In art class, we were asked to paint something. Anything. Hardly any instruction given at all. Well, painting portraits with Photoshop seemed to be working out. Why not? My roomate, a fine arts major, sure makes it look so easy. The way she turns color and paper into seemingly effortless master pieces. It couldn’t be too hard.
I dipped my paintbrush into a mixture of gouache and water color. Well…in many ways, painting on the computer is certainly much easier than doing so on a canvas. My respect goes out to those who are dedicated in this field.
My art professor came over with a slightly amused frown on her face. “C’est pour apprendre à faire le maquillage?” I shook my head. No, it was not to learn how to put on makeup.

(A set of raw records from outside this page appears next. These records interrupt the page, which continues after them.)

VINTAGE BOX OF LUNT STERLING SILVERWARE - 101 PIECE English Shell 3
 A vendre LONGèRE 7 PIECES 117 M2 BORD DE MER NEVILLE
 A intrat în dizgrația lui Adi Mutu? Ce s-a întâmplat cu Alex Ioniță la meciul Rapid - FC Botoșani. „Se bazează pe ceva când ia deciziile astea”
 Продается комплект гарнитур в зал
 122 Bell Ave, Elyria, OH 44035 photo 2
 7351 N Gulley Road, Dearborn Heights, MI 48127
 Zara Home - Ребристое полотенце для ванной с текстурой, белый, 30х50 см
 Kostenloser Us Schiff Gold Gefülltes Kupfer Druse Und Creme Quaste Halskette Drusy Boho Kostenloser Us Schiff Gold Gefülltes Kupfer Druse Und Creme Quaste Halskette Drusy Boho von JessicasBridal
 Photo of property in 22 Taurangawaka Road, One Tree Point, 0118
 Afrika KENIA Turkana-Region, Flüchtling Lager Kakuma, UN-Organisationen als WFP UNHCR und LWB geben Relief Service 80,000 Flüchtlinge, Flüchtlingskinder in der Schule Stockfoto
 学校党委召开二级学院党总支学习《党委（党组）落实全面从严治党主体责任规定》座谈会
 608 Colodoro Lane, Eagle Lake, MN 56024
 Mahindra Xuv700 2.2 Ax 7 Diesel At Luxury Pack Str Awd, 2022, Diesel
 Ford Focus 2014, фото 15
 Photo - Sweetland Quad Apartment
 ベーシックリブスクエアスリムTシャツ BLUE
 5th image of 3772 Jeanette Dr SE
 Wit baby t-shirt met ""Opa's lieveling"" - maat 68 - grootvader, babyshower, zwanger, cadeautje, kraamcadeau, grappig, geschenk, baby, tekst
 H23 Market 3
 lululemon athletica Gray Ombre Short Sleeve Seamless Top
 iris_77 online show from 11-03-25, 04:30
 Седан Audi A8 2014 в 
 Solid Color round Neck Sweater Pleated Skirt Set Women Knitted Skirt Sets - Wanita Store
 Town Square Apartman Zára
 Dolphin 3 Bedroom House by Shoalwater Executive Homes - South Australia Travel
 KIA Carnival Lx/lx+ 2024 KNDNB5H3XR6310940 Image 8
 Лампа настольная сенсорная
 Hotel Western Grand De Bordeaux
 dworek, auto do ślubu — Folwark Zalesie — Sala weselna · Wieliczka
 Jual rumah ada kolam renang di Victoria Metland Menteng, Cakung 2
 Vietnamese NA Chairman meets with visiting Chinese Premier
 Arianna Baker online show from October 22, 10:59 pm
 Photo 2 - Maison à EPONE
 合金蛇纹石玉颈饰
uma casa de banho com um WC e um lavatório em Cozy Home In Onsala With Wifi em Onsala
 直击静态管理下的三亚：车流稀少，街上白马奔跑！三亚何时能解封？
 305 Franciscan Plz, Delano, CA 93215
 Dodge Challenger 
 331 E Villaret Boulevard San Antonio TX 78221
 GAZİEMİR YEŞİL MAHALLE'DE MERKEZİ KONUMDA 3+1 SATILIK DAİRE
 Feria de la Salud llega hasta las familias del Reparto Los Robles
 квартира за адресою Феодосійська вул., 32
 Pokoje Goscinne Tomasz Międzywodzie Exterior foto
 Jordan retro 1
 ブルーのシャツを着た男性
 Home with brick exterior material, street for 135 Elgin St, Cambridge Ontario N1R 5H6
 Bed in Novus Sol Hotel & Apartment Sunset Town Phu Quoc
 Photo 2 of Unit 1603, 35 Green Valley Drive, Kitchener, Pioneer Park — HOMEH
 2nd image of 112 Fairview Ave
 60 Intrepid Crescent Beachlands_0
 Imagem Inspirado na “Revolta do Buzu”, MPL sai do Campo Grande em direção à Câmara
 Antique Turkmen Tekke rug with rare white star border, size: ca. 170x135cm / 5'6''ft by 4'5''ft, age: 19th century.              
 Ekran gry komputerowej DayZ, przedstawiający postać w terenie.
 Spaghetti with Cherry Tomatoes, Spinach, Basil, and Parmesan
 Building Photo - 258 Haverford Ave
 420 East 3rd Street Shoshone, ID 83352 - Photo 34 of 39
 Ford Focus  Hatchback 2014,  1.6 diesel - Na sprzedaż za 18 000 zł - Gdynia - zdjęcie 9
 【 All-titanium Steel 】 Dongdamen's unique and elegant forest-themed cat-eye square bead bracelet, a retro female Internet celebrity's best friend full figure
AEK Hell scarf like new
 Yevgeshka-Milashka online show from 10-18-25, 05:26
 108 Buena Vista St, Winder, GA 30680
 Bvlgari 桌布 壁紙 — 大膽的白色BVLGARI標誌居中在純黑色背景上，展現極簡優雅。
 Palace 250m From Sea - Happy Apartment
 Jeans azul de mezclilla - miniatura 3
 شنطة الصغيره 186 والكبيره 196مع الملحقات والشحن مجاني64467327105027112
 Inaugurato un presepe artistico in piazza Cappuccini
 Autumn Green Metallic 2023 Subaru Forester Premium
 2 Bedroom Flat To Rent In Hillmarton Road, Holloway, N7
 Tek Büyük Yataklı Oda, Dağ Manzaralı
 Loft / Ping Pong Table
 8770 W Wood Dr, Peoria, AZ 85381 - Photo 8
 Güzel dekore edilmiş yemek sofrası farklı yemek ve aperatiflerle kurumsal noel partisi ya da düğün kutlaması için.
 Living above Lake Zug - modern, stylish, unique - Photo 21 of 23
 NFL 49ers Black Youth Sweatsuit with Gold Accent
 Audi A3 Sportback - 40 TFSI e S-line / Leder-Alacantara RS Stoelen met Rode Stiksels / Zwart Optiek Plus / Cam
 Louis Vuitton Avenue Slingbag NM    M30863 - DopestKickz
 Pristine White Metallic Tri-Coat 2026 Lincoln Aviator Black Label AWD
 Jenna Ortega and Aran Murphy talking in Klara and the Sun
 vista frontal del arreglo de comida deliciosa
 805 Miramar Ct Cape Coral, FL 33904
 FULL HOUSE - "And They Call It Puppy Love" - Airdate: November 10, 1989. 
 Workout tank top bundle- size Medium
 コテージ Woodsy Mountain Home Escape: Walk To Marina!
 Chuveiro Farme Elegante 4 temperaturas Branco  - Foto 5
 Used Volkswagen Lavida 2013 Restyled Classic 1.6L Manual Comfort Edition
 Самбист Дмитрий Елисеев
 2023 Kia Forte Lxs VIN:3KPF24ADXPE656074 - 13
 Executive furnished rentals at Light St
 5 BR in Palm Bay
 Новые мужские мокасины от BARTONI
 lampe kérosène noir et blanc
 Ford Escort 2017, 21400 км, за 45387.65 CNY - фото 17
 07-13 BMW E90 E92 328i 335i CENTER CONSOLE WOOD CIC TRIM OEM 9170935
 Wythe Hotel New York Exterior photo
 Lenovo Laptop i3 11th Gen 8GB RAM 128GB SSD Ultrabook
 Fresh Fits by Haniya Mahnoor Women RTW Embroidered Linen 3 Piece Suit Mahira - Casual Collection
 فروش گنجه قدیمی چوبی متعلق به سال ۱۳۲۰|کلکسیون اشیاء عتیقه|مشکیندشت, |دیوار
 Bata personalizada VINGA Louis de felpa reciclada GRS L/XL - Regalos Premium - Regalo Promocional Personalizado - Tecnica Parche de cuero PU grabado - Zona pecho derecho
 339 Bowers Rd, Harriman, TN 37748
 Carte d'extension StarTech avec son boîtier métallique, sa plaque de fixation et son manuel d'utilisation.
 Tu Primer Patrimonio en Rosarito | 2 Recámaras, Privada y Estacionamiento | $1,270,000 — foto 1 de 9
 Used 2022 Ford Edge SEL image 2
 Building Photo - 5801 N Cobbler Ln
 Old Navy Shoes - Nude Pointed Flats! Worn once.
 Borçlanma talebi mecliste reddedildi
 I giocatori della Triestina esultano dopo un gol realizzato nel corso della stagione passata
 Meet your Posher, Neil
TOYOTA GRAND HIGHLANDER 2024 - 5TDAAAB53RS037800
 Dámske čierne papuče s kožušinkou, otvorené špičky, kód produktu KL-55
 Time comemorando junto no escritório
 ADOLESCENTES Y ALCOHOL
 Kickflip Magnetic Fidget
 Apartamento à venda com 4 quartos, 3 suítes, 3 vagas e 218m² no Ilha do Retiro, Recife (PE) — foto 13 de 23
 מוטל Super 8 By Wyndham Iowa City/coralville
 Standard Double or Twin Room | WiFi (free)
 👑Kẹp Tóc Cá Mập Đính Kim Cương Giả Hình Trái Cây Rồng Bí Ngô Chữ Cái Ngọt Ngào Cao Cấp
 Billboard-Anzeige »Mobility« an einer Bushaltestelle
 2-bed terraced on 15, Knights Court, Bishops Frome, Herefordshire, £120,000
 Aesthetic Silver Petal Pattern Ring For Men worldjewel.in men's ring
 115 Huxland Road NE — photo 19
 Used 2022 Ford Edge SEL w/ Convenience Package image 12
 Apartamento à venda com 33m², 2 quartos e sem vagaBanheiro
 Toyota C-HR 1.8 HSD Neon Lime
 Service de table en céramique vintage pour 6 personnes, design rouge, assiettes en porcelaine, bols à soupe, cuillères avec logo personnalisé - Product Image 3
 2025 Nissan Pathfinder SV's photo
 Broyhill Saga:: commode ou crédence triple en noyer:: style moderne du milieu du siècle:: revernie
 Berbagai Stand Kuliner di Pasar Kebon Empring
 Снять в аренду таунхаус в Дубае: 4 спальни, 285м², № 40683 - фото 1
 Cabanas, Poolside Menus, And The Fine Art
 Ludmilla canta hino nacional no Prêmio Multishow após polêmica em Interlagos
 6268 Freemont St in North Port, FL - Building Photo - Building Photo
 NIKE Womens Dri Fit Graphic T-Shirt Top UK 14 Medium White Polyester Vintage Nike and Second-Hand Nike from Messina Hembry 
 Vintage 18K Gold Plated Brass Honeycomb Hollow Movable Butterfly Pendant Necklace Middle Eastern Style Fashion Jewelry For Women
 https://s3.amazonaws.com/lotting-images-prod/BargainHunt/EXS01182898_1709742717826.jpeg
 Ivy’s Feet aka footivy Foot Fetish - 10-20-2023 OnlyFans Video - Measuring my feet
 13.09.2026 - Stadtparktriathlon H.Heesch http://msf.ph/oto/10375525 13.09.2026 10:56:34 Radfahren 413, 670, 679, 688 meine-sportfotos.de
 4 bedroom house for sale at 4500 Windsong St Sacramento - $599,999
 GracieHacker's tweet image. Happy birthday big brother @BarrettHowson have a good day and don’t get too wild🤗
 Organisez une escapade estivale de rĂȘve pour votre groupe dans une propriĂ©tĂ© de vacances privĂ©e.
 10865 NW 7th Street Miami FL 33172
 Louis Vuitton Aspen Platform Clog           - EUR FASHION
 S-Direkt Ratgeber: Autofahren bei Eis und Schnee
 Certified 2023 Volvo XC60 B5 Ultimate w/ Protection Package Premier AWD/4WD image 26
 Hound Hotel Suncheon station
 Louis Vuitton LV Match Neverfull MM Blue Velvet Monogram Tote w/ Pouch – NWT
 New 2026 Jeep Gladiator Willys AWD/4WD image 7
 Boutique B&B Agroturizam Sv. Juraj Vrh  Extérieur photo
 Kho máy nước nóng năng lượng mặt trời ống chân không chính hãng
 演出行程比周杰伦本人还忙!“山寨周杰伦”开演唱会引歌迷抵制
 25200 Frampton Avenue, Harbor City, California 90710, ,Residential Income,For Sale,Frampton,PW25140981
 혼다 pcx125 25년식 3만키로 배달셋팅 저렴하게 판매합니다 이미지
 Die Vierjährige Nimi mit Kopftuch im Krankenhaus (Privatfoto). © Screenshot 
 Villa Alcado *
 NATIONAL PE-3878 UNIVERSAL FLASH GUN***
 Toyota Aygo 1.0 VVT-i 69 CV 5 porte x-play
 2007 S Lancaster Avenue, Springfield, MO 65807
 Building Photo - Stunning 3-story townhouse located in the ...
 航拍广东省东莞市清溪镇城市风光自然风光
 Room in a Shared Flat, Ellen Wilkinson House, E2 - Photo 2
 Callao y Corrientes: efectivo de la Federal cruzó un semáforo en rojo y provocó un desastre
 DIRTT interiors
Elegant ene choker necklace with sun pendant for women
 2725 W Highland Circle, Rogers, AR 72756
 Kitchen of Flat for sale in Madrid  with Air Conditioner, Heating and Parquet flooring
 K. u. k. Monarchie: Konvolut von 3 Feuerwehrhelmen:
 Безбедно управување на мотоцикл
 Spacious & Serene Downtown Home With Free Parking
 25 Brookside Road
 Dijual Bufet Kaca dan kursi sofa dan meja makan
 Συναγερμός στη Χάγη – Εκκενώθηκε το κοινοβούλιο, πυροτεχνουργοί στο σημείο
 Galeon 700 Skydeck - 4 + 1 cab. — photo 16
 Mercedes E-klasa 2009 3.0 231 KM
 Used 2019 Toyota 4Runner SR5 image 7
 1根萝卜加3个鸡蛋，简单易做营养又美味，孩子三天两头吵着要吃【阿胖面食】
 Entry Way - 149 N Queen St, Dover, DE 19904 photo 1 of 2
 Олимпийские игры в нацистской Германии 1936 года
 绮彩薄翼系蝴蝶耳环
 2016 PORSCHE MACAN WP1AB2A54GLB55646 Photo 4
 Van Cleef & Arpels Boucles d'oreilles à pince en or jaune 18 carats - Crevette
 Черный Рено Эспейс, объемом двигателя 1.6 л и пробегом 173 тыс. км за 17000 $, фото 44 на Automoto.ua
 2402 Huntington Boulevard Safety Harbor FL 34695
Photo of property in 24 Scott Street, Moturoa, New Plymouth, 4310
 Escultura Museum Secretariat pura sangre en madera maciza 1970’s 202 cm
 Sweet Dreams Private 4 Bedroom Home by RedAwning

Showing her how my digital projects were composed made it worse. She did not believe that they were made from scratch. The computer had obviously evolved them in the same way textbooks say the world evolved without a creator.
There may have been one too many sighs of frustration. The teacher took the paint brush and carefully reoutlined the features. During the next class, however, I was still trying to fix the shading. It still looked like badly placed foundation. “Oh well,” I thought “better work on that hair, eyes and foliage”. >.<
Ignoring the badly rendered face, I finished with a satisfying grin. Surly, this new and improved project would show my progress in painting.
You can imagine my dismay when I compared it against the Amazonian toucan and frog I’d created at age 12. Why, the three of them really do seem to go together, don’t they? How fitting. Had a good laugh, then sent them off to Grandma who I’m sure will be delighted. Guess you can say that I’m being pissy because the 21 year old me couldn’t out do the 12 year old.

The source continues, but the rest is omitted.